The video referee is not the biggest problem in rugby league

The Single Biggest Problem in Rugby League

For all the talk about refereeing issues in 2012, the single biggest problem in rugby league (the NRL, anyway) remains ever present. I am not talking about the obstruction rule, the benefit of the doubt or any other rule interpretation. I am talking about the fact that referees continue to constantly coach players throughout games. Here are some examples to consider:

NRL referees need to change their approach

NRL referees need to change their approach

“Stay square.”
“Stay onside.”
“Two feet behind.”
“Play it with your foot.”
“Here with me.”
“Make it back.”
“Stand up.”
“Stay out.”
“You’re offside.”
“Keep working.”
“Come on.”
“Up now.”
“Up and straight.”
“Don’t hold him.”
“Let him up.”
“Get up now.”
“Wait for the whistle.”
“Up and away.”
“Wait for it.”
“Get off the ball.”
“Hold here.”
“Markers square.”
“With me.”
“Make the 10.”
“Keep coming.”
“Don’t pull the leg.”
“Stay behind him.”

If that list seems excessive, guess what, the first 30 items above were quotes from a single match! Listen closely next time you watch an NRL game; then listen to another game; then a third. It is incessant. By this stage, you should come to the realisation that this type of ‘refereeing’ is annoying, unfair and, above all, completely unnecessary.

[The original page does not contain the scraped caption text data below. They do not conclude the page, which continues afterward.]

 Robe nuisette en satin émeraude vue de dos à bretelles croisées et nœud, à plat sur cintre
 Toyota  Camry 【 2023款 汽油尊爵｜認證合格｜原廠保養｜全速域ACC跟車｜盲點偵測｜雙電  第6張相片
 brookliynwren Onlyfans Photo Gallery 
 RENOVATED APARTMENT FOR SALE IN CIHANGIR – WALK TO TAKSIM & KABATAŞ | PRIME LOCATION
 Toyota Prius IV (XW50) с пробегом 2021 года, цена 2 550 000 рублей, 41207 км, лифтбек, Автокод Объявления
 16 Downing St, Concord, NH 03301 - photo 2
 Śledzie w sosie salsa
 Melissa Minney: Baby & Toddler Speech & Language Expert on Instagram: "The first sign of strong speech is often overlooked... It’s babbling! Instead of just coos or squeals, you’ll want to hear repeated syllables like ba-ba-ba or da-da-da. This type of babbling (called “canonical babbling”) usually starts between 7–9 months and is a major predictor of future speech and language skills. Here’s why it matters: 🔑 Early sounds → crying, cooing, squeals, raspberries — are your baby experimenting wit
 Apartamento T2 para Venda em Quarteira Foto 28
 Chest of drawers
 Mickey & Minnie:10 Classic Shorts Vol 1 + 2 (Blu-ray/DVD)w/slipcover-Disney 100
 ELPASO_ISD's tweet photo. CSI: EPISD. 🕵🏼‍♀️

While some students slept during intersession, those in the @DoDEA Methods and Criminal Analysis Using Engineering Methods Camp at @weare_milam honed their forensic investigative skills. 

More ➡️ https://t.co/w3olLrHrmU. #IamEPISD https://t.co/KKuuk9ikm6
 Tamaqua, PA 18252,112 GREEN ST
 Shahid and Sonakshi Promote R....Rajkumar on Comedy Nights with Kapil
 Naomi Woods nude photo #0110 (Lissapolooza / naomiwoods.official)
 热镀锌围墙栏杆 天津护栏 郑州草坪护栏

Every time one of the above comments is made, my immediate thought is “penalise him!” Why are you telling him what to do?” One common argument is that the referee’s feedback allows the game to ‘flow’. This concept sounds reasonable at first – until you realise that it is, in fact, completely backwards. Sure, if the refs stopped making these comments, penalties might increase in the first few weeks. Players are adaptable, however, and they would soon realise that a new line in the sand had been drawn. Ultimately, if you give players an inch, they will take a mile and that is what is continuing to happen. Furthermore, let’s not forget the fact that the ‘coaching’ referee is a modern concept – rugby league was just fine for 90 years prior.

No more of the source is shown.